Russland will mit neuen Leitungen mehr Gas in die EU liefern Von Ulf Mauder, dpa

05.02.2012 15:35

Als Beitrag zur Energiesicherheit in Europa feierten Deutsche und
Russen die neue Ostsee-Pipeline Nord Stream im November. Doch nun
beklagen Energieunternehmen, dass mitten in der Extremkälte nicht
genug russisches Gas ankomme. Für Moskau ist die Schuldfrage geklärt.

Moskau (dpa) - Für Russlands «obersten Gasmanager» Wladimir Putin

liegt die Ursache für die Probleme bei den Energielieferungen an
Deutschland und andere EU-Länder auf der Hand. Ja, die
Energiegroßmacht müsse in der Extremkälte zuerst an den gestiegenen
Eigenbedarf denken und erst dann an die Kunden im Westen. Das betont
der Regierungschef bei einem Treffen mit der Spitze des
Staatskonzerns Gazprom. Aber dass Versorger in der EU Lieferkürzungen
bis zu 30 Prozent bei russischem Gas beklagen, zeige nur, wie nötig
neue Gasleitungen von Russland nach Westen seien, sagt Putin.

Die Gazprom-Führung gibt bei dem Treffen mit Putin erstmals zu,
nicht im gewünschten Umfang an den Westen liefern zu können.
Betroffen ist auch Deutschland als größer Gas-Abnehmer in der EU.
Eine Notlage bestehe allerdings nicht, weil die Speicher gut gefüllt
seien, betonen die Energieversorger. Tagelang hatte Gazprom jede
Schuld für die Kürzungen von sich gewiesen. Nun bestätigt die
Konzernleitung, dass die Lieferungen nur zeitweise um etwa zehn
Prozent gedrosselt worden und jetzt wieder auf Vertragsniveau seien.

Schuld an der Lage hätten diejenigen, die sich lange gegen die
Ostseepipeline Nord Stream gewehrt hätten, meint Putin. Die
Inbetriebnahme des ersten Strangs der Leitung feierten Deutsche und
Russen im vergangenen November in Lubmin als Beitrag zur
Energiesicherheit in Europa. Putin fehlte bei dem Festakt. Hätte es
keine Verzögerungen gegeben, sagt er nun, wäre längst schon der
zweite Strang der 1224 Kilometer langen Pipeline zwischen Russland
und Deutschland am Netz.

«Gazprom könnte schon neue Förderstätten erschlossen haben,
darunter auch in Bowanenkowskoje. Auch auf dem Stockman-Feld in der
Barentssee könnte das Unternehmen aktiver arbeiten. Ich bin sicher,
dass es dann solche Probleme nicht gegeben hätte», sagt Putin. Er
hatte unlängst vorgeschlagen, entlang der Nord-Stream-Leitung weitere
Stränge verlegen zu lassen. Im Dezember soll drei Monate früher als
geplant die South-Stream-Leitung in den Bau gehen.
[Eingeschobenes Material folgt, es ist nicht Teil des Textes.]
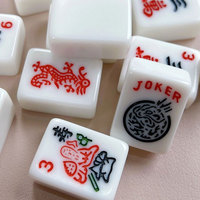 Set Permainan Mahjong Amerika Yahudi Barat 30mm Melamin 166Pcs, Tahan Lama, Cocok untuk Dimainkan di Rumah, Klub, atau Meja, Hadiah Liburan yang Sempurna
Russland will bei Bedarf seinen Gasexport in die EU von derzeit
etwa 125 Milliarden Kubikmeter bis 2020 auf 200 Milliarden Kubikmeter
erhöhen können. Doch vorerst muss der größte Gasförderer und
-Exporteur der Welt passen. Es gebe technische Grenzen, teilt die
Gazprom-Spitze beim Treffen mit Putin mit. Allein die Gasförderung
von Gazprom sei auf ein Maximum von 1,6 Milliarden Kubikmeter am Tag
gestiegen. Zudem würden noch die Speicher angezapft.

Der Grund ist der seit Tagen herrschende Extremfrost mit bisweilen
um die minus 50 Grad in Sibirien und im äußersten Osten. Deshalb ist
der Gasverbrauch im größten Land der Erde erstmals überhaupt auf mehr

als zwei Milliarden Kubikmeter am Tag gestiegen. Das seien 300 bis
400 Millionen Kubikmeter mehr als normal, heißt es.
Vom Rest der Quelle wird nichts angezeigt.